### Material for the task
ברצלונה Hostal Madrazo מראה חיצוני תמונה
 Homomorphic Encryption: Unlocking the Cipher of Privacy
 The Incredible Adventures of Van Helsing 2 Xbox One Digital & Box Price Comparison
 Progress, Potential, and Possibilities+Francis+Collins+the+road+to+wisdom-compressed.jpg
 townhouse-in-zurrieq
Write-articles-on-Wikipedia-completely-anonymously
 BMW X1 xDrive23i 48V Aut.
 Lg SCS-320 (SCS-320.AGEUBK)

### What you are asked to do
Exactly as written, give the line containing "The Incredible Adventures" and all remaining lines of the records.

### Written answer
 The Incredible Adventures of Van Helsing 2 Xbox One Digital & Box Price Comparison
 Progress, Potential, and Possibilities+Francis+Collins+the+road+to+wisdom-compressed.jpg
 townhouse-in-zurrieq
Write-articles-on-Wikipedia-completely-anonymously
 BMW X1 xDrive23i 48V Aut.
 Lg SCS-320 (SCS-320.AGEUBK)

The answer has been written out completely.